I had the privilege of attending a packed meeting last Friday, organised by LAMBS, in opposition to the new town that a developer is proposing in the countryside outside Henfield. Around 500 people crammed into a large hall in Burgess Hill to express their concerns.
The panel
of speakers included Arundel and Downs MP, Nick
Herbert ; Mid Sussex MP, Nicholas Soames; Mid Sussex District
Councillor, Norman Webster; Hosham District Councillor, Brian O’Connell;
Founder of LAMBS, Anthony Watts WilliamsDr Roger Smith, Sussex CPRE, Kenneth
MacIntosh from Hands Off Henfield and I was there too.
It was an
excellent meeting, giving a very clear message to these predatory developers
and I recommend that you read Jane Simmons piece about the meeting on the LAMBS
website.
There
was, however, one thing we did not have time to delve into. We did not really question the propaganda
that is constantly promoted by developers.
We all
know the story. We need houses, the
environment is a block on development, and all these protesters are just being
NIMBYs by preventing people getting homes!
The constant line we are fed is that there is a lack of capacity – not
enough homes, we must build more and governments are judged on how many houses
they build.
But
simple answers to complex problems are always wrong.
Let’s
have a look at a few statistics.
If this
lack of capacity was true then we would expect to be seeing increasing numbers
of people being crammed into ever smaller houses. The truth, however, is the opposite.
About 10
years ago there was an average of 2.4 people per house. Today there is an average of 2.3. The drive for more house building is largely
a result of fewer people living in each house.
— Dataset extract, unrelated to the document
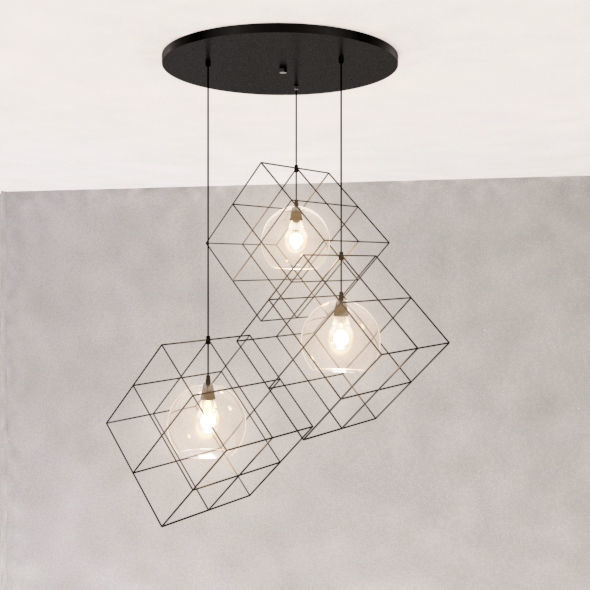 Diamond ceiling lamp 3D model_24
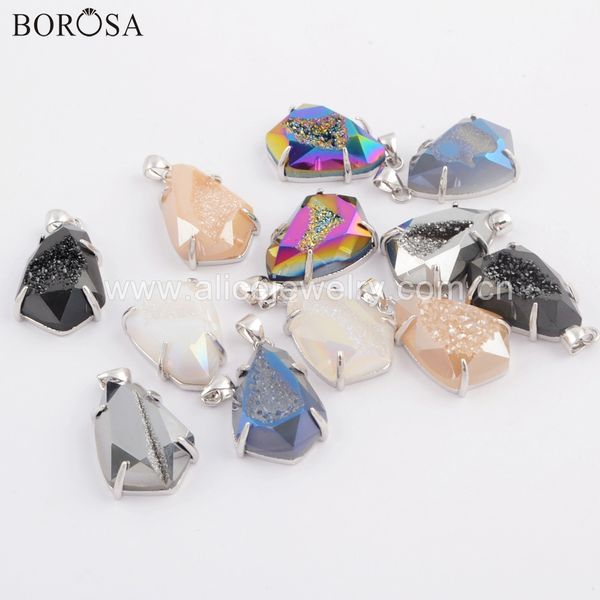 

borosa 5/10pcs new collection silver bezel shield rainbow titanium agates druzy faceted claw pendant for necklace jewelry zs0334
Broadly, what seems to be happening is we are spreading the same number
of people into a larger number of houses.
To take
this to a ridiculous extreme you can project this continuous decline of the
number of people per house into the future.
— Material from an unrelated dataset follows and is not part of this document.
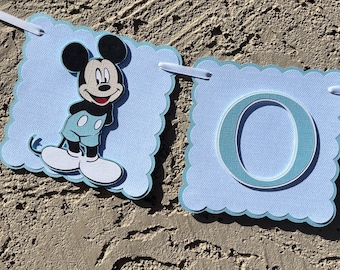 Baby Mickey Mouse, Baby 1st  Birthday Highchair Banner - 1 Row, I AM 1,,Baby Blue  Herringbone, Birthday Decoration, ONE birthday.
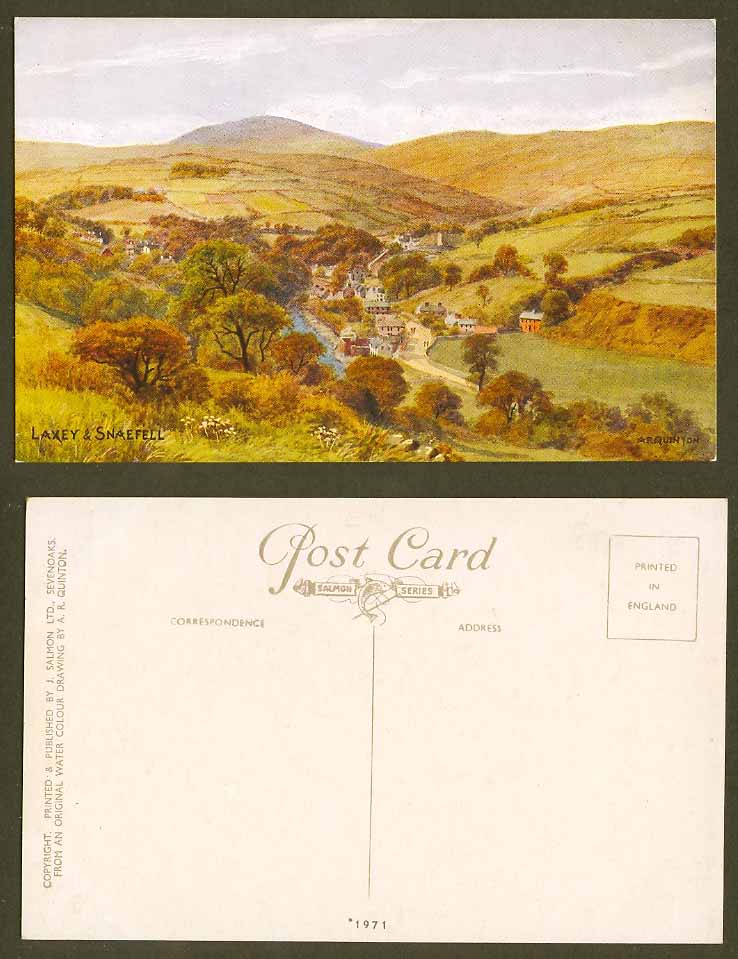 A.R. Quinton Old Postcard LAXEY & SNAEFELL River Hills Panorama Isle of Man 1971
If you do this you get to a point in 230 years time where there is
nobody living in any houses no matter how many you build!
A mindset
based on predict and provide has obvious shortcomings.
We seem
to accept, unquestioningly, that we need more houses so that young families, in
particular, will have somewhere to live in the future. Yet building more houses alone does not solve
the problem. We just end up with fewer
people per house and those young families can still not find a home.
There are
far more complex issues at work here requiring social, economic and political
answers – why are people needing homes not able to get them whilst others are
able to spread into more houses? Gritty
problems way outside the remit of a Wildlife Trust, but problems our
politicians should be addressing. We are
being deflected in a “homes versus the environment” argument as an alternative
to finding more complex solutions. This
deflection benefits no one except the development industry.
We have
become obsessed with housing numbers because of the “frame” of the argument,
set by developers to their own advantage.
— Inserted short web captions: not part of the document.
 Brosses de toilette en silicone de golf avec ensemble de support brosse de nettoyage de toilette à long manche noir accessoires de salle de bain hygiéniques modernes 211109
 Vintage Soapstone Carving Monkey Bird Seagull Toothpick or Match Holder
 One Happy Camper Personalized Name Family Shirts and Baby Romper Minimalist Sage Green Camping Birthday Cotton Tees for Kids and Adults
If we spend all our time arguing about who can build most houses and
where we are going to put them, then developers do very nicely out of it!
In
practice, as ever, the environment is used as a scape-goat. Instead of addressing socio-economic problems
driving a lack of homes we vaguely hope that destroying a bit more environment
in order to build a new town will somehow be the solution. It won’t be but in the mean time the
developer will have moved on to his next lucrative project.